314 votes and 204 comments so far on Reddit

#

Well makes me feel slightly better…

wooden sail Jul 6, 2022, 6:01 PM

#

if you don't wanna learn it, don't. no one will force you lol

#

you might also wanna read up on confirmation bias

steady basalt Jul 6, 2022, 6:02 PM

#

It’s not that I don’t want to, it’s that I may struggle to while working full time and having other commitments

#

And knowing that it seems like a very scary idea to try work as a DS if I will not be capable to get jobs or do jobs

#

Especially since I’m finishing uni in 2 months

#

There’s no plan b

#

Except either consulting (cringe) or data engineering

#

And the convo started with me saying maybe I shud just focus purely on coding then

mild dirge Jul 6, 2022, 6:05 PM

#

What's cringe about consulting?

steady basalt Jul 6, 2022, 6:06 PM

#

I associate it with really annoying business jargon people but that’s just my bias

#

I know this one guy and he says touch base like 12 times an hour no joke

#

I’m not really sure it’s for me, and it pays pretty badly too iirc

mild dirge Jul 6, 2022, 6:07 PM

#

steady basalt I associate it with really annoying business jargon people but that’s just my bi...

"Innovative"

steady basalt Jul 6, 2022, 6:11 PM

#

Agile synergetic circle back and strategise

#

Got it?

rough mountain Jul 6, 2022, 6:15 PM

#

I want to train a lstm on a body of text.
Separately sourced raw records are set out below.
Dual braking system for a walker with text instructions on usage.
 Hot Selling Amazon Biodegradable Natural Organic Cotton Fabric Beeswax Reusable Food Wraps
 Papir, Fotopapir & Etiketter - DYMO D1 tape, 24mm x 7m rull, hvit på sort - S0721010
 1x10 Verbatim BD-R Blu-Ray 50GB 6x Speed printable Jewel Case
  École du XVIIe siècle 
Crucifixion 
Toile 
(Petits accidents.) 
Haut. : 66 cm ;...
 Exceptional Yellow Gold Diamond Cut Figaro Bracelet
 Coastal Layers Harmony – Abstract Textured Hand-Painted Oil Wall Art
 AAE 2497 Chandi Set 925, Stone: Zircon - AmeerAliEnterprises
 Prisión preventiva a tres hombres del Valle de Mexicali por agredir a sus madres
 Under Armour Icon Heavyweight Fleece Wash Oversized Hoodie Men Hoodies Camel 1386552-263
Is there a way I'm supposed to break the text down in to trainable data?

mild dirge Jul 6, 2022, 6:17 PM

#

This seems to explain most of the basics

#

https://towardsdatascience.com/word-embeddings-and-the-chamber-of-secrets-lstm-gru-tf-keras-de3f5c21bf16

Medium

Word Embeddings and the chamber of secrets| LSTM | GRU | tf.keras

The final destination to intuitively understand word embeddings… finally

rough mountain Jul 6, 2022, 6:18 PM

#

mild dirge This seems to explain most of the basics

Thanks a lot. I have found a lot of stuff on using embeddings, but nothing on the data prep for them

misty flint Jul 6, 2022, 6:31 PM

#

just heard a podcast from the ceo founder of this company, and it sounds like its pretty promising https://venturebeat.com/2022/03/16/hidden-door-reveals-its-ai-powered-narrative-game-building-platform/

VentureBeat

Rachel Kaser

Hidden Door reveals its AI-powered narrative game platform

Hidden Door, a new studio, today announced its launch. It also announced its first product.

#

“We like to think of it as Roblox meets D&D, where you have the vibe of a tabletop RPG where you and your friends are telling a story together. You’re also playing with the AI narrator, who’s sort of like our AI dungeon master, who’s building a world out of the choices that you make as you play.”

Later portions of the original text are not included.